[Exercise brief] For the entries that follow, restate word for word the line containing "PRO-STYLING Tapa de", the line containing "Scrapping Vehicle skoda", and every line that lies between them.

(Saved data entries)
----------
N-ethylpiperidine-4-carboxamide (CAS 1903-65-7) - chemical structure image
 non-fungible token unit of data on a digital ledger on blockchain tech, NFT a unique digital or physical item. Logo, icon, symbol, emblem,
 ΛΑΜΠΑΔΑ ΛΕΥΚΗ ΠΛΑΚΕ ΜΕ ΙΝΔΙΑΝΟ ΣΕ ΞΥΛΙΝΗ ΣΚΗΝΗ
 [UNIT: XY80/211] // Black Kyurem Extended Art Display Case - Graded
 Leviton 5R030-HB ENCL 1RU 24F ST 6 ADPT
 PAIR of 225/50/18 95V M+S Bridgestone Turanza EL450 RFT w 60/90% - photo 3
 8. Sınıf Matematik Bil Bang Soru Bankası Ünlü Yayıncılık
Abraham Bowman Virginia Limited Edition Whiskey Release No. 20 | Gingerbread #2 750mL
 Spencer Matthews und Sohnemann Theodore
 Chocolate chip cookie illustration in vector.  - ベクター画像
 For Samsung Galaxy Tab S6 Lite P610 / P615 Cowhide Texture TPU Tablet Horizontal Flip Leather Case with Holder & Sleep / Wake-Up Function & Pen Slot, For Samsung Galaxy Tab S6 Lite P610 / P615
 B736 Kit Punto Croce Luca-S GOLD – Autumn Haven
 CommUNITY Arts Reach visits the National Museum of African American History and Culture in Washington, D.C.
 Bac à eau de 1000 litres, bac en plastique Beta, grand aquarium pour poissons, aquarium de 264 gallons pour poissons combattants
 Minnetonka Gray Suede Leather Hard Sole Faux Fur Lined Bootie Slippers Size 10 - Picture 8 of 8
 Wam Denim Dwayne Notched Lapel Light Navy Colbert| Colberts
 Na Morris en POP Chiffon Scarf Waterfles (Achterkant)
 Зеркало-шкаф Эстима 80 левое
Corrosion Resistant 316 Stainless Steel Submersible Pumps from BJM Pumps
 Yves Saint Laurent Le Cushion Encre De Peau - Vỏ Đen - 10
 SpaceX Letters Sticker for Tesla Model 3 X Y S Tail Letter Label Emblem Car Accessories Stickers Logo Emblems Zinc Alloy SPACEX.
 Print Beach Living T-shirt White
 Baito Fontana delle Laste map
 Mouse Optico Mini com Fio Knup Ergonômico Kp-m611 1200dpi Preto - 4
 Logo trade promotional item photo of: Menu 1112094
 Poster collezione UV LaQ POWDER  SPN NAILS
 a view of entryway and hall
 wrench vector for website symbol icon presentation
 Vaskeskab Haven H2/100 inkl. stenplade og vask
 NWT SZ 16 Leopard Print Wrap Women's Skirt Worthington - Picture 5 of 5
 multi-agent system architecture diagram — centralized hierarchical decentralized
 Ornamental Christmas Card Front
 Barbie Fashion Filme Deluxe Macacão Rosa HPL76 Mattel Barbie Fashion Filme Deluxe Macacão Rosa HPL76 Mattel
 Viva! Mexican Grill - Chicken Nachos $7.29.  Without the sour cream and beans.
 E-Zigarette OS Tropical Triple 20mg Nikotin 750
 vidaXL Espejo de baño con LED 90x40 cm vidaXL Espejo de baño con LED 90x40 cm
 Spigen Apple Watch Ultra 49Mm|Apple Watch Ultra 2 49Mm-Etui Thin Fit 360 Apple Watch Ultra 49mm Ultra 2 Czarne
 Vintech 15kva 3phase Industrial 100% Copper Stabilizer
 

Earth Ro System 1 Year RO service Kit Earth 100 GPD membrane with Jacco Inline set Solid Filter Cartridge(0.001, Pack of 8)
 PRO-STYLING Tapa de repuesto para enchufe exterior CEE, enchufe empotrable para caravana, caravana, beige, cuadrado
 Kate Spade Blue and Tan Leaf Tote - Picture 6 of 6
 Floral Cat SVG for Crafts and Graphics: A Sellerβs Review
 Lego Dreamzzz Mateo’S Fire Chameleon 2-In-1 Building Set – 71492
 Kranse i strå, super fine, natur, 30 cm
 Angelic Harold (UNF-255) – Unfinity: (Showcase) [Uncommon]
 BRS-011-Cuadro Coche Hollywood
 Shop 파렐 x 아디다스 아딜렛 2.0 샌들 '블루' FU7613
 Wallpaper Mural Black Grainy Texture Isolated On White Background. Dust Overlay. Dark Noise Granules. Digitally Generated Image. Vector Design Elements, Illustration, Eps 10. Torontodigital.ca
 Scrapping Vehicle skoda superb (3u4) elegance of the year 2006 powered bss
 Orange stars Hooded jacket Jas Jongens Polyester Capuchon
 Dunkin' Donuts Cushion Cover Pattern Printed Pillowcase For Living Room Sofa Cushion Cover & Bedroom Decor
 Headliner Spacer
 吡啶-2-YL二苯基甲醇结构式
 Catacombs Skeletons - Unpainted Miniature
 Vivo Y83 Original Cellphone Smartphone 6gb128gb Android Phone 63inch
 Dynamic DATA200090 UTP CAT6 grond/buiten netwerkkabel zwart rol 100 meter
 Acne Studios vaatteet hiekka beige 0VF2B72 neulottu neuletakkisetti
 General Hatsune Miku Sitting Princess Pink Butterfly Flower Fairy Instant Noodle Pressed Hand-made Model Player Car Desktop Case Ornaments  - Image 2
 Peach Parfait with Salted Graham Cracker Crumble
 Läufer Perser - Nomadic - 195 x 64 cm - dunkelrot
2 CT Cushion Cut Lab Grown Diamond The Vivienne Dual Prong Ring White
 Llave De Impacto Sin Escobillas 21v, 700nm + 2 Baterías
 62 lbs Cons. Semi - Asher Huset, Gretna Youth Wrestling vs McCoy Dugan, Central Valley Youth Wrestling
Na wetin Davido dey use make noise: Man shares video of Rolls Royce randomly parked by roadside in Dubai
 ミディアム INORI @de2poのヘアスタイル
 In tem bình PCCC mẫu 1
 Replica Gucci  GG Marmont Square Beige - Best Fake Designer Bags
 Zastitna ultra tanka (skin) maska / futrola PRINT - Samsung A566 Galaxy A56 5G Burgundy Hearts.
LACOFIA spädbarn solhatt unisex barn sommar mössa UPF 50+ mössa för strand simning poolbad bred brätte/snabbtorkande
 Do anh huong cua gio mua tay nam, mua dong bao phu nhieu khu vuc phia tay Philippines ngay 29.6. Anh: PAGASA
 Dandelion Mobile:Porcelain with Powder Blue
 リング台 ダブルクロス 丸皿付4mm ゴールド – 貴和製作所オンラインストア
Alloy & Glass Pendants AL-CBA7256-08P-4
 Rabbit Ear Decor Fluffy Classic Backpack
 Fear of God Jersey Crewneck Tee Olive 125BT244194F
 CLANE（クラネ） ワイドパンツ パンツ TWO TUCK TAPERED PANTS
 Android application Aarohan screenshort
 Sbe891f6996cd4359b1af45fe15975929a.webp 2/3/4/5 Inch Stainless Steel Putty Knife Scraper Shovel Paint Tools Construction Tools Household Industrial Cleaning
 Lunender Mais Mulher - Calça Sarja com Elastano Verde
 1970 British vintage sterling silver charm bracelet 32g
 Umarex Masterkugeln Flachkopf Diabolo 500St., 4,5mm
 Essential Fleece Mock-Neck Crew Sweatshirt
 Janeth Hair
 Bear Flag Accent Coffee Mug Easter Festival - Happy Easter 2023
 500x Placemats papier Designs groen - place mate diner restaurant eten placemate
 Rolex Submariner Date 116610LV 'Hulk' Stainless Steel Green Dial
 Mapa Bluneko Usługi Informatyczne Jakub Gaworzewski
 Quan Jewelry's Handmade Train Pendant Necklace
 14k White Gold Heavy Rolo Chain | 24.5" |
----------
[Result for this exercise]
 PRO-STYLING Tapa de repuesto para enchufe exterior CEE, enchufe empotrable para caravana, caravana, beige, cuadrado
 Kate Spade Blue and Tan Leaf Tote - Picture 6 of 6
 Floral Cat SVG for Crafts and Graphics: A Sellerβs Review
 Lego Dreamzzz Mateo’S Fire Chameleon 2-In-1 Building Set – 71492
 Kranse i strå, super fine, natur, 30 cm
 Angelic Harold (UNF-255) – Unfinity: (Showcase) [Uncommon]
 BRS-011-Cuadro Coche Hollywood
 Shop 파렐 x 아디다스 아딜렛 2.0 샌들 '블루' FU7613
 Wallpaper Mural Black Grainy Texture Isolated On White Background. Dust Overlay. Dark Noise Granules. Digitally Generated Image. Vector Design Elements, Illustration, Eps 10. Torontodigital.ca
 Scrapping Vehicle skoda superb (3u4) elegance of the year 2006 powered bss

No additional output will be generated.